A mother of two children who speaks five languages, AT&T Labs researcher Taniya Mishra is the ultimate example of what happens when your personal life harmonizes with your work. Professionally, Taniya's work revolves around speech technology and building synthetic voices that can embody different characters and emotions. Personally, Taniya brings a love of languages that she discovered at a young age.
Taniya explains, "I grew up in India and even before I knew what it was to learn languages, I was speaking five languages fluently." Those languages included the national language of Hindi, the local language in her city, English while at home and French at school. Taniya expanded upon this talent and passion in college, when she worked with a professor to develop applications for the visually impaired who needed to utilize text-to-speech technology.
Today, Taniya has found a way to merge her experience with her own small children and her knowledge of languages. "Something that I am working on right now is a storybook application and it's geared towards kids and as we know, kids are pretty tough customers." We recently sat down with Taniya to learn more about this project and the general scope of her work at AT&T Labs.
Tell us about how you started here at AT&T.
I work primarily on text-to-speech synthesis, which is the technology of taking text and converting it into speech. I have been at AT&T for a little over three years, and the reason I found AT&T to be the right place for me is because it has this long history of innovation and cutting edge technology, in almost all fields, but especially in the area of speech and language.

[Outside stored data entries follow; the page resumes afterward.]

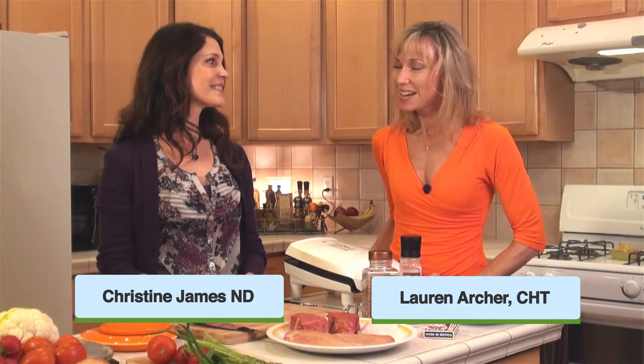Hi everybody, I'm Lauren Archer here in the kitchen with Dr. Christine James of Sound Medical Weight Loss. We're going to be doing some demonstrations today.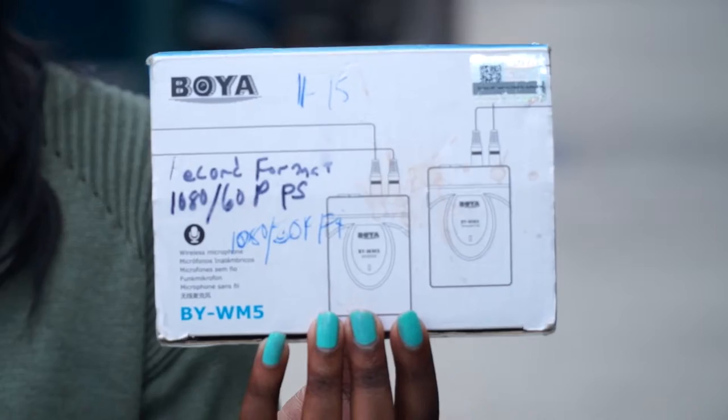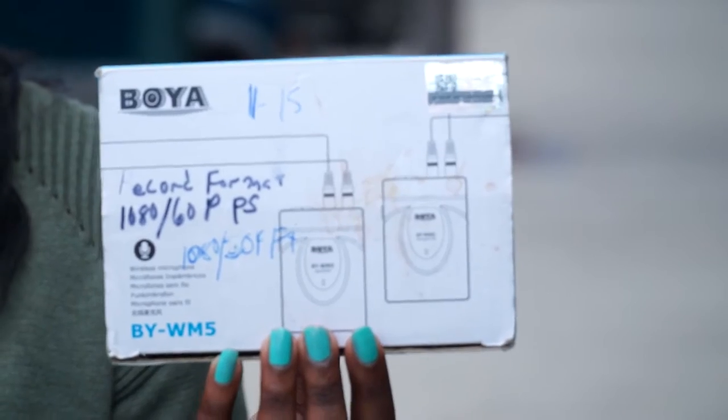Welcome to Great Video and Photography on a Budget. My name is Twyla Little, and today I will be showing you a low-cost wireless mic under $100. There are quite a few low-cost wireless mics under $100, but the one we will be testing today and the one I am wearing now is the Boya by WM5.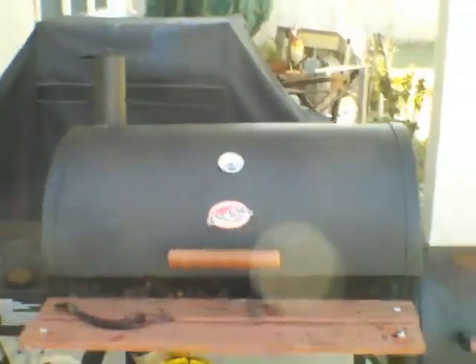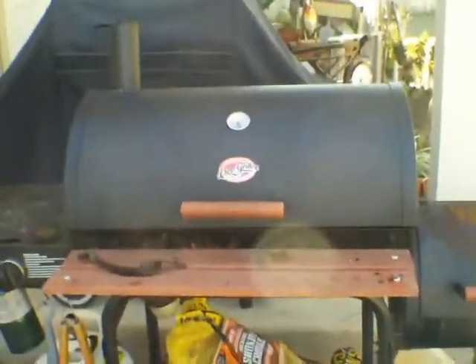Kind of feel like putting some sausage links or something on there. But like I said, this is just a test. Dry run. We'll see.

What does innovation mean to you?
To me, innovation is a really active word. When I think of innovation the phrase that comes to mind is "out-of-the-box" thinking. I also believe innovation is, not innovating in a vacuum, but anticipating what our customers need in five or 10 years, or looking at the problems they are facing right now.
Can you tell us about some of the projects you're working on?
There are two projects that I am working on right now that I find personally very interesting and have a lot of applications. One is expressive speech synthesis — or text-to-speech technology — and it is the process of taking text and converting it into speech.
I am sure that many people have used this technology to some extent, and one of the top complaints when people use this technology is that it sounds robotic, it sounds unnatural, it sounds boring. My area of research is expressive speech synthesis, so looking into how realistically can we mimic a human's expressions and naturalness and be able to get the computer to do the same.
One of the applications that I am working on that uses expressive speech synthesis is called StorEbook — a storyteller application geared toward kids. What it's meant to do is take children's stories that are in text form and convert them into speech. As we know, children are very hard customers. You can lose them very easily if you are boring or unnatural, so this kind of sets the bar pretty high for me.
The prototype that I have for this application, reads children stories with many different characters, who have their own voices and distinct way of expressing things. This helps get to the meaning of the sentence rather than just using exactly same intonation, irrespective of what the character is saying.
I think it's a really fun project. I have two kids, one and three, and my three-year-old loves to play it and calls it the "story game." I think I have a built-in user base.
What sparked your interest in developing this particular application?
Even though the app on the surface looks really cute, the underlying technology is extremely sophisticated and the techniques translate really well to general purpose text-to-speech technology. Any advances that we make within the StorEbook app can easily be applied to reading newspapers to adults or reading any kind of information that somebody who is visually impaired needs to get off the Internet.
What inspired you to pursue a career in speech technology?
In college, my double-major was in mathematics and computer science. So, as a senior year project, I ended up working with a professor who was building applications for people who were visually impaired, and as a result needed to use text-to-speech technology. And later in the year, as I was thinking about going to grad school, I started looking at schools that focused on text-to-speech technology, and I ended up going to Oregon Health and Science University.
Why is your work important to consumers?
All of us end up using text-to-speech in different contexts — whether it is in an eyes-free environment and you want to get some information or whether you are visually impaired in some capacity. This is really a need and not just a want.